* Task directions
Go to the line holding "沖縄県宮古島・完熟マンゴー9" in the entries below and write out exactly every line down to and including the line holding "Looking down the".

* Provided data
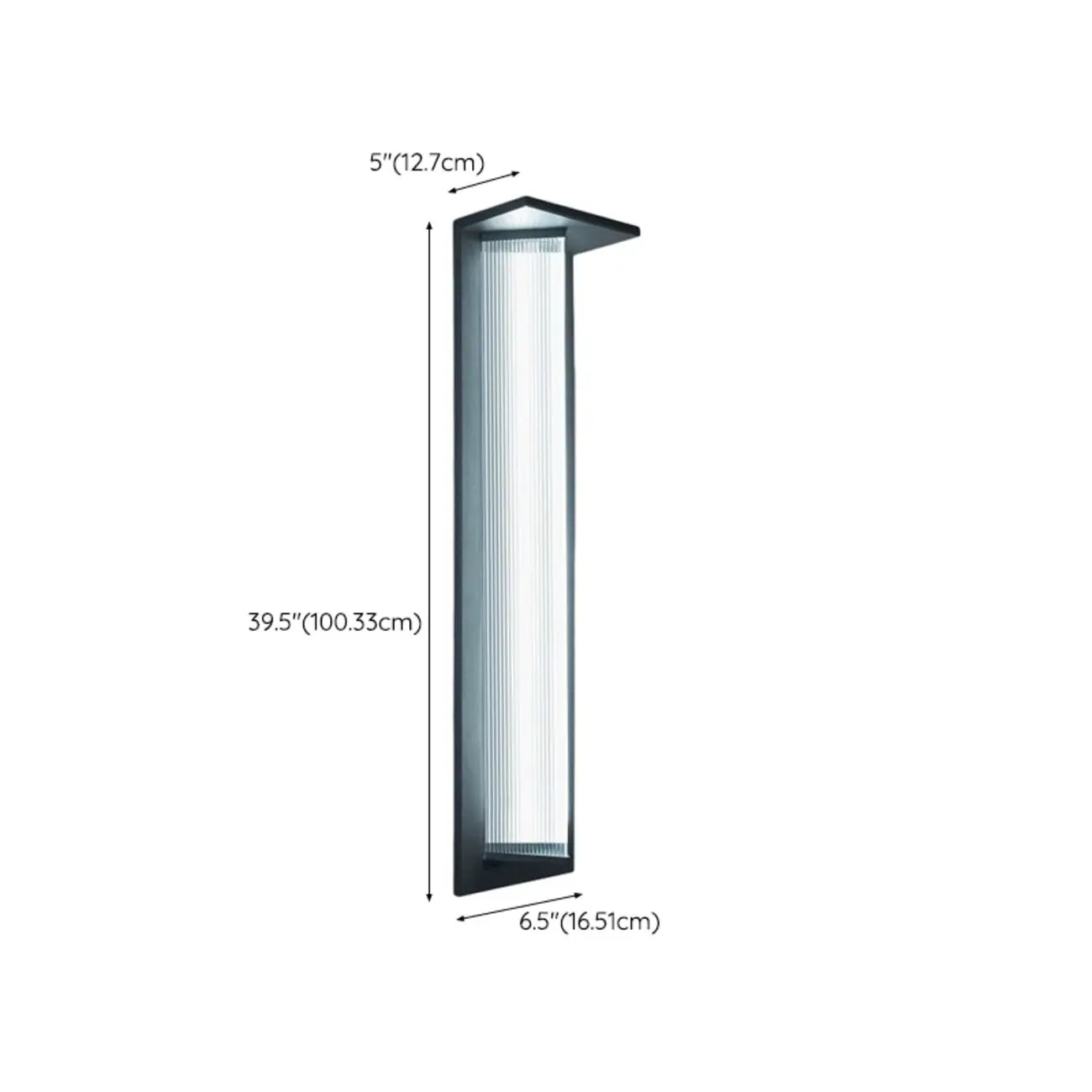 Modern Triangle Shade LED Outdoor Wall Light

--

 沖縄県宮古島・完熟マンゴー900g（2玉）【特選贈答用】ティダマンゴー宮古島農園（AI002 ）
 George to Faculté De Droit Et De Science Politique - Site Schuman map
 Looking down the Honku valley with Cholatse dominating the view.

...

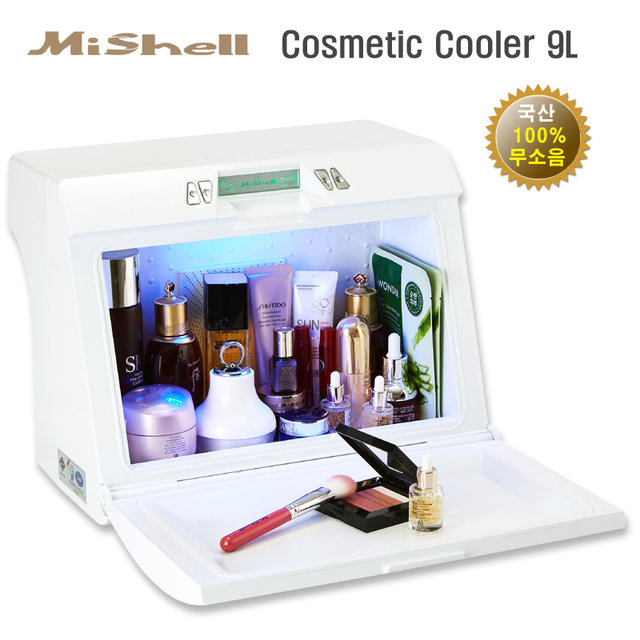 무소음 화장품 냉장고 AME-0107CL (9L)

* Solution to the exercise
 沖縄県宮古島・完熟マンゴー900g（2玉）【特選贈答用】ティダマンゴー宮古島農園（AI002 ）
 George to Faculté De Droit Et De Science Politique - Site Schuman map
 Looking down the Honku valley with Cholatse dominating the view.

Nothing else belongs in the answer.